### Extracted entries
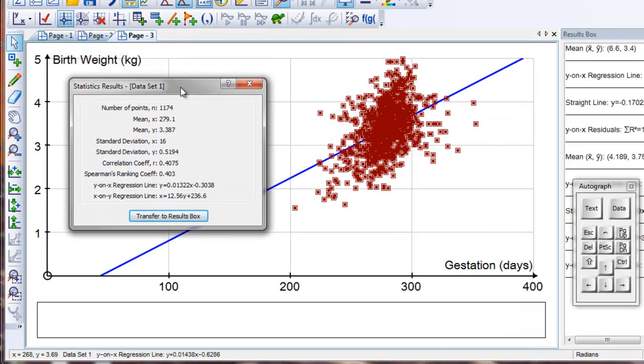So that's the way of bringing in real data and showing the principles of least squares regression.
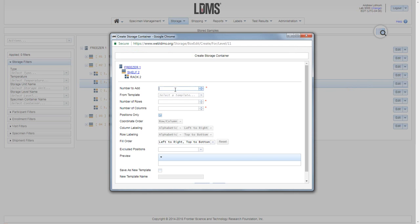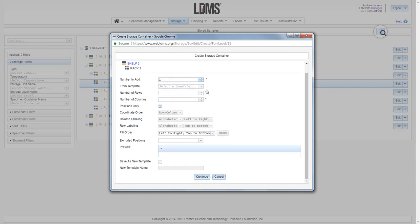The first question is how many boxes do you wish to add? For this example I will add a single container. Below that it asks you to select a template. You may or may not have these available at your laboratory.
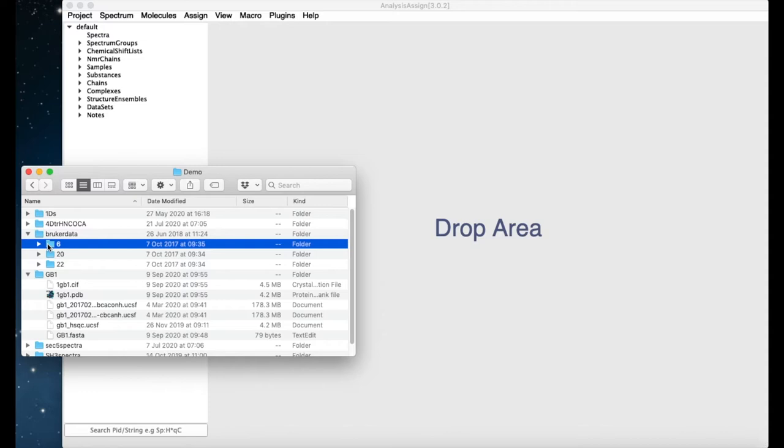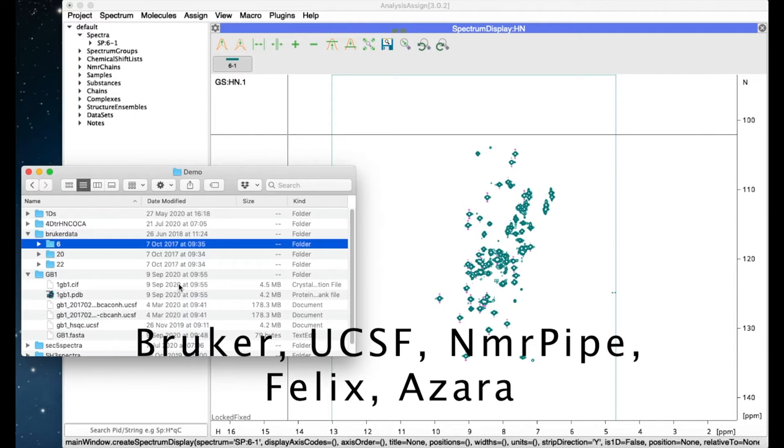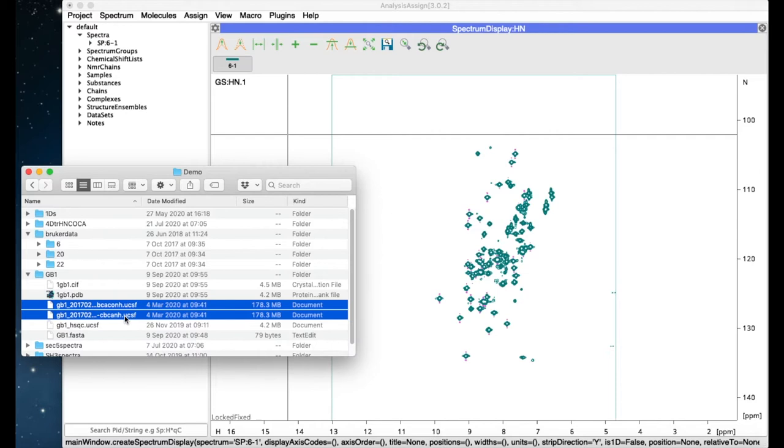But we can read lots of other formats as well, such as UCSF, Varian NMRPipe, Felix, or Azara. Simply take one or more files and drag them into the project.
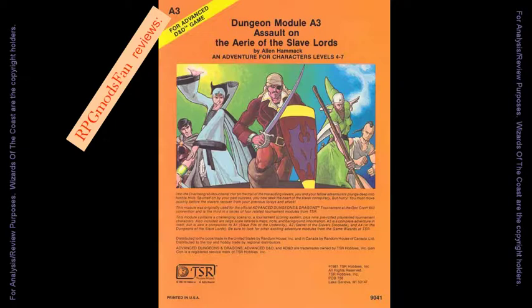Hello, and greetings to all you fans of RPGs and Dungeons & Dragons. In this video, I will be reviewing and discussing the Dungeons & Dragons module Assault on the Aerie of the Slave Lords, which was written by Alan Hammack and published by TSR in May of 1981.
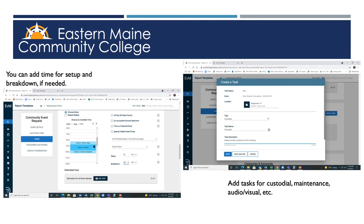Once the date and time is set, you can create specific tasks for your event. You can create ones for custodial, for IT, and even security.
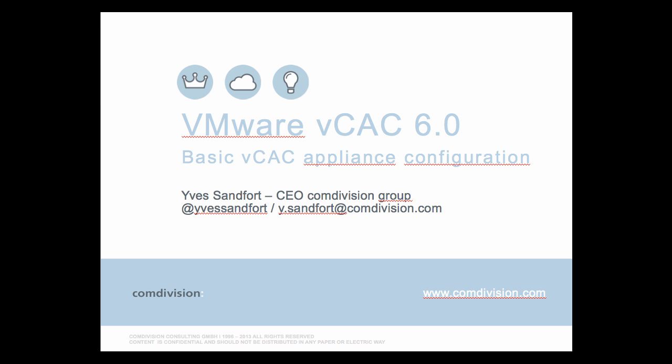Hello and welcome. This video is going to talk about VMware's vCloud Automation Center 6.0, in this case basic VCAC appliance configuration. My name is Yves Sandford. I'm the CEO of the Comdivision Group and I'm going to be your host for this session.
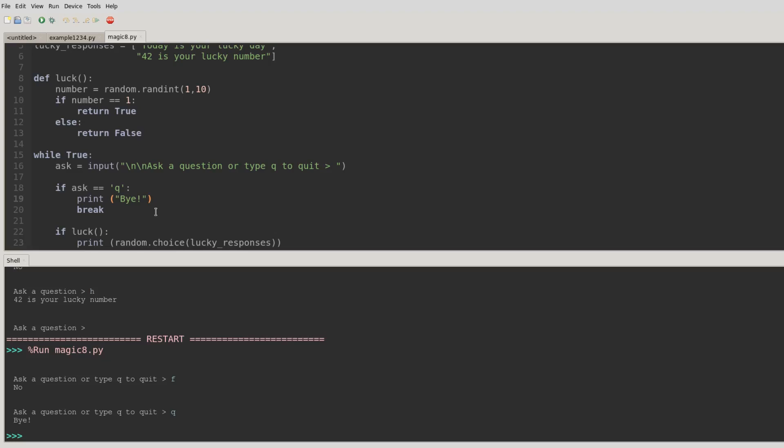Anyway, that's our Magic 8-Ball program. I hope you had fun coding it, and until next video.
######
• Activity
Without including any picture, restate every entry above exactly.

• Solution to the exercise
So that's the way of bringing in real data and showing the principles of least squares regression.
The first question is how many boxes do you wish to add? For this example I will add a single container. Below that it asks you to select a template. You may or may not have these available at your laboratory.
But we can read lots of other formats as well, such as UCSF, Varian NMRPipe, Felix, or Azara. Simply take one or more files and drag them into the project.
Hello, and greetings to all you fans of RPGs and Dungeons & Dragons. In this video, I will be reviewing and discussing the Dungeons & Dragons module Assault on the Aerie of the Slave Lords, which was written by Alan Hammack and published by TSR in May of 1981.
Once the date and time is set, you can create specific tasks for your event. You can create ones for custodial, for IT, and even security.
Hello and welcome. This video is going to talk about VMware's vCloud Automation Center 6.0, in this case basic VCAC appliance configuration. My name is Yves Sandford. I'm the CEO of the Comdivision Group and I'm going to be your host for this session.
Anyway, that's our Magic 8-Ball program. I hope you had fun coding it, and until next video.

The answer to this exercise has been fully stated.